The Federal Reserve risks political interference and losing its independence if it maintains a large balance sheet in the longer term, former Fed officials have claimed, as debate over the central bank’s strategy for unwinding its interventions in financial markets intensifies.
Kevin Warsh, a visiting fellow at the Hoover Institution at Stanford University and former Fed governor, said permanently holding vast quantities of assets like treasuries was “fiscal policy in disguise” and risked turning the central bank into a general purpose agency of the government.
“A large balance sheet is a dangerous temptation for the rest of the political class,” he said in an interview at a conference at Stanford on Friday.
Charles Plosser, former president of the Philadelphia Fed, said that politicians might, as an example, push the Fed to purchase infrastructure bonds to help fund public works and argue they were not interfering with monetary policy. “They will see that balance sheet as a great opportunity to fund their spending without raising taxes,” Mr Plosser said.
The Fed’s policy of purchasing government securities and mortgage-backed securities during the crisis has long raised worries about whether its independence could be impaired if the boundary between monetary and fiscal policy gets blurred. The debate has been rekindled as Fed policymakers discuss how far to pare back their holdings of securities and the appropriate mechanisms for setting rates in the longer term.
While policymakers want to shrink a balance sheet that swelled to $4.5tn during quantitative easing, many believe asset holdings will need to remain much larger than before the crisis. They are also preparing the markets for the possibility that they will have to undertake new rounds of purchases in future to battle recessions.

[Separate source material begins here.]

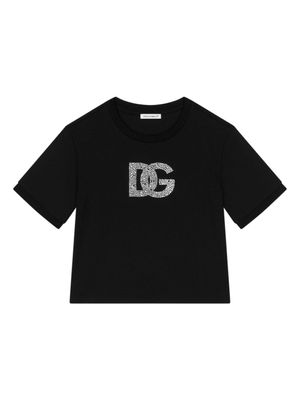 Dolce & Gabbana Kids t-shirt en coton à logo strassé - Noir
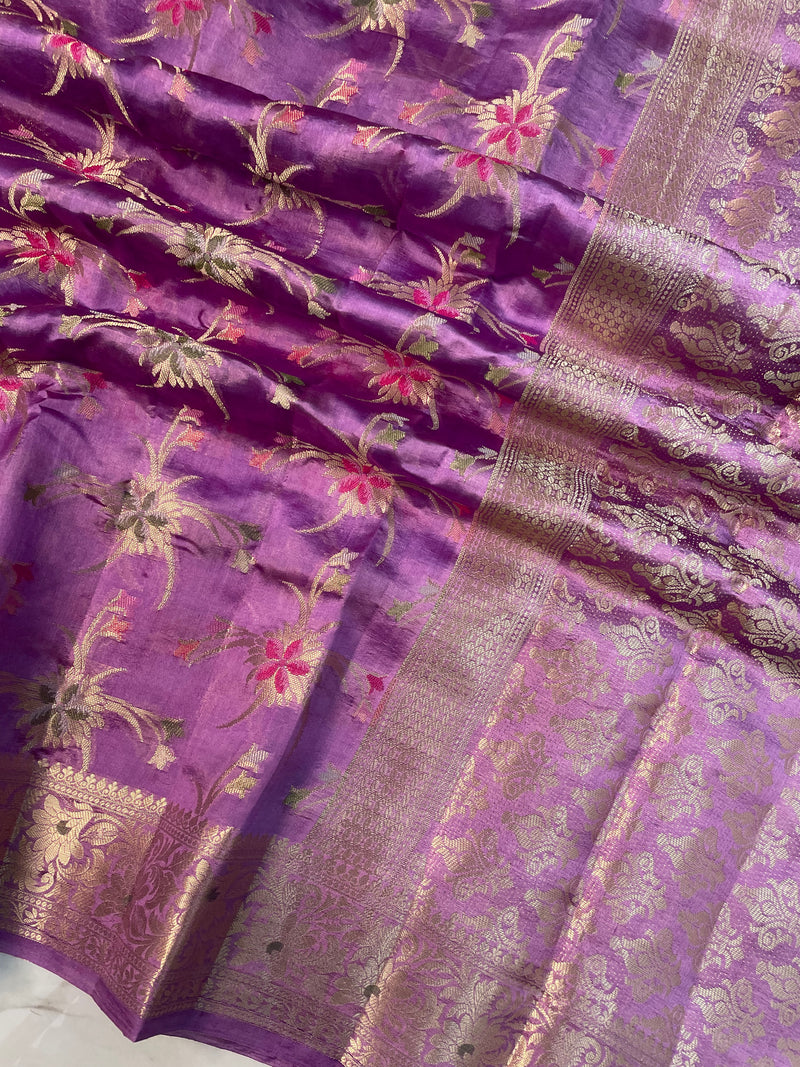 Pure Dupion Silk Banarasi Saree - Gold Zari - The Handlooms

Many conservatives were highly critical of the Fed’s ultra-easy monetary policies, and their views are front and centre now that Republicans control the White House and Congress. John Taylor, a senior fellow at the Hoover Institution, said in an interview that the Fed should move back to its old way of steering rates by varying a scarce supply of reserves. “There is some value to having a system where you don’t normally have large-scale asset purposes or quantitative easing or purchasing mortgages,” said Mr Taylor, who served under both George Bush senior and junior.
Against that view, other economists predict the balance sheet will need to stay at $3tn or more as commercial banks’ reserves at the Fed remain far above pre-crisis levels. These reserves would contribute to the supply of safe assets held by banks and keep the Fed’s post-crisis interest rate-setting mechanism in place. The latter involves the Fed paying interest on excess reserves alongside a reverse repurchase facility to set rates among other financial firms. Ben Bernanke, the former Fed chair, has suggested it may be necessary to have at least $1tn of reserves.
Eric Rosengren, the Boston Fed president, said at the Stanford conference that the political-economy questions surrounding Fed interventions in asset markets remained a concern. But he also insisted that the Fed was likely to undertake asset purchases in future downturns. This was because the fed funds rate may only be lifted to 3 per cent in the longer term, limiting the central bank’s conventional recession-fighting firepower. “It is inevitable that we will be talking about the balance sheet in future recessions — and in fact in most recessions unless they are very, very mild,” he said.
Charlie Evans, the Chicago Fed president, told the conference that the balance sheet would not shrink back to its modest, pre-crisis size given subsequent growth in the economy and currency, but that maintaining a large balance sheet “does open you up to political interests weighing in perhaps”.
Mr Warsh, who like Mr Taylor is mentioned as a potential candidate for Fed chair under President Donald Trump, said he was in favour of an “aggressive, powerful” central bank intervening when a major shock hits as during the financial crisis, but also of a “more traditional central bank when the shock does not hit”.
He was highly critical of the Fed’s current approach to the balance sheet. “They have announced they are going to be exiting in all likelihood, but they haven’t announced principles; they haven’t announced how; they haven’t announced why; they haven’t announced the objective,” he said. “I don’t really understand the sequence of that; we are exiting and then we’ll tell you later why we are doing it.”
Fed policymakers have stepped up their public discussions of balance sheet strategy in recent months, and in the minutes to its March meeting the Fed said that if the economy stays on track the central bank could initiate a reduction of the balance sheet later this year. Firm data for the second quarter including a buoyant jobs report on Friday have made a further increase in short-term rates likely next month.